I Was Addicted to Video Games, Pt. 2

Editor’s note: If you missed part one, click here.

Christianity turns into a roller coaster ride when you run on feelings. You go up and down, perhaps feeling as though you’re making progress. Sooner or later, you realize the track just goes in circles. I rode that roller coaster for years, and this is what it looked like (tell me if this sounds familiar):


1. Life is all right. Go to church. Don’t think about God too much.
2. Life gets rough, confusing, etc.
3. Have a powerful experience with God (ideally at a camp, conference, retreat, etc.).
4. Make a lot of commitments about how life will never be the same again.
5. Eventually, life becomes the same again. Loop the loop, lean into the turns, repeat. Ad nauseum.

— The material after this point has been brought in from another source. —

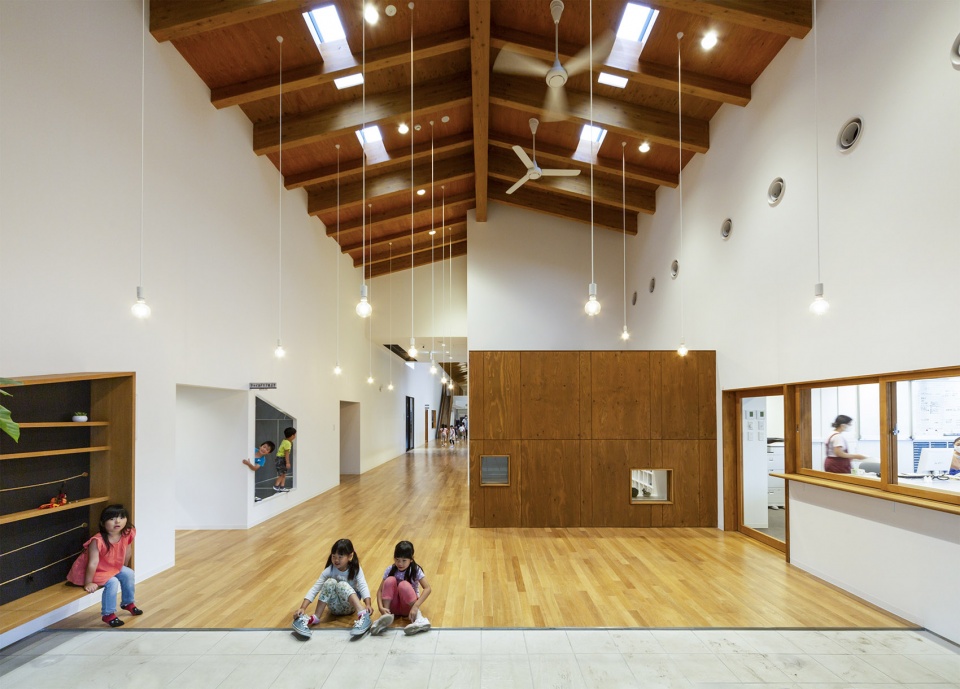 OM Nursery by HIBINOSEKKEI Youji no Shiro KIDS DESIGN LABO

By the time I was finished with high school, I had become accustomed to the ride. I had come to terms with the unhealthy nature of my video game habit and given up hope that there was anything else for me. There aren’t many things easier in life than lowering your expectations.

So even though I somehow found myself at a church camp the summer after I graduated from high school, I already knew what to expect. I knew I would get thoroughly emotional, I knew that I would feel bad about all my sins, and I knew that I would go home and forget about the whole thing in two weeks’ time.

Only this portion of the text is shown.